Your task
A verbatim copy of the data below is the required output.

Provided material
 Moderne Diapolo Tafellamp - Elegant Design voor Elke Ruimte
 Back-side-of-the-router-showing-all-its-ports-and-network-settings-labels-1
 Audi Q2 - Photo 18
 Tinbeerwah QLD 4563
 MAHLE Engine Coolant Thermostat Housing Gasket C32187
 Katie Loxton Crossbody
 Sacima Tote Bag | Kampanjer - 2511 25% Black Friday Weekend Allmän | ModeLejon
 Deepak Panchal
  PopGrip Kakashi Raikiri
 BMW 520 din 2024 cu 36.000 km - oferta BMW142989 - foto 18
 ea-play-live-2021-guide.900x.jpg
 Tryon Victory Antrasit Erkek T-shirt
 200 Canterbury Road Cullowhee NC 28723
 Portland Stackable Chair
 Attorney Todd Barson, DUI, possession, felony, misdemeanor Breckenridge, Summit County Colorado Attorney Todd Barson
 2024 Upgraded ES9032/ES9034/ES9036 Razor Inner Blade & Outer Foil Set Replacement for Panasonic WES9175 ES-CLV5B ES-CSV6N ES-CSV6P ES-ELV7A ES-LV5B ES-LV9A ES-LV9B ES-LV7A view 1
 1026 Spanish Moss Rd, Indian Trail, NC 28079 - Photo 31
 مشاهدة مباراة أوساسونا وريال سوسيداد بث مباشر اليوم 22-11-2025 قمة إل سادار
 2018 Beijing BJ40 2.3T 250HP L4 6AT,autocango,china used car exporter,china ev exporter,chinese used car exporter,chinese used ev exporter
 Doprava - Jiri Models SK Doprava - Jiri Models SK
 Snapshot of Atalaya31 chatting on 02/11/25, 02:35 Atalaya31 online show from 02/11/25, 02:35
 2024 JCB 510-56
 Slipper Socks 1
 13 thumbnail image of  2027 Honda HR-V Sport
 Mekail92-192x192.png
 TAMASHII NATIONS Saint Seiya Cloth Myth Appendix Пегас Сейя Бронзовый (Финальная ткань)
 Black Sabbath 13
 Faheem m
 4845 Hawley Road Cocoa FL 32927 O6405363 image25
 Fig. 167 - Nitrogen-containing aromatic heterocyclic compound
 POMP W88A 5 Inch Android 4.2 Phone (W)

Output below
 Moderne Diapolo Tafellamp - Elegant Design voor Elke Ruimte
 Back-side-of-the-router-showing-all-its-ports-and-network-settings-labels-1
 Audi Q2 - Photo 18
 Tinbeerwah QLD 4563
 MAHLE Engine Coolant Thermostat Housing Gasket C32187
 Katie Loxton Crossbody
 Sacima Tote Bag | Kampanjer - 2511 25% Black Friday Weekend Allmän | ModeLejon
 Deepak Panchal
  PopGrip Kakashi Raikiri
 BMW 520 din 2024 cu 36.000 km - oferta BMW142989 - foto 18
 ea-play-live-2021-guide.900x.jpg
 Tryon Victory Antrasit Erkek T-shirt
 200 Canterbury Road Cullowhee NC 28723
 Portland Stackable Chair
 Attorney Todd Barson, DUI, possession, felony, misdemeanor Breckenridge, Summit County Colorado Attorney Todd Barson
 2024 Upgraded ES9032/ES9034/ES9036 Razor Inner Blade & Outer Foil Set Replacement for Panasonic WES9175 ES-CLV5B ES-CSV6N ES-CSV6P ES-ELV7A ES-LV5B ES-LV9A ES-LV9B ES-LV7A view 1
 1026 Spanish Moss Rd, Indian Trail, NC 28079 - Photo 31
 مشاهدة مباراة أوساسونا وريال سوسيداد بث مباشر اليوم 22-11-2025 قمة إل سادار
 2018 Beijing BJ40 2.3T 250HP L4 6AT,autocango,china used car exporter,china ev exporter,chinese used car exporter,chinese used ev exporter
 Doprava - Jiri Models SK Doprava - Jiri Models SK
 Snapshot of Atalaya31 chatting on 02/11/25, 02:35 Atalaya31 online show from 02/11/25, 02:35
 2024 JCB 510-56
 Slipper Socks 1
 13 thumbnail image of  2027 Honda HR-V Sport
 Mekail92-192x192.png
 TAMASHII NATIONS Saint Seiya Cloth Myth Appendix Пегас Сейя Бронзовый (Финальная ткань)
 Black Sabbath 13
 Faheem m
 4845 Hawley Road Cocoa FL 32927 O6405363 image25
 Fig. 167 - Nitrogen-containing aromatic heterocyclic compound
 POMP W88A 5 Inch Android 4.2 Phone (W)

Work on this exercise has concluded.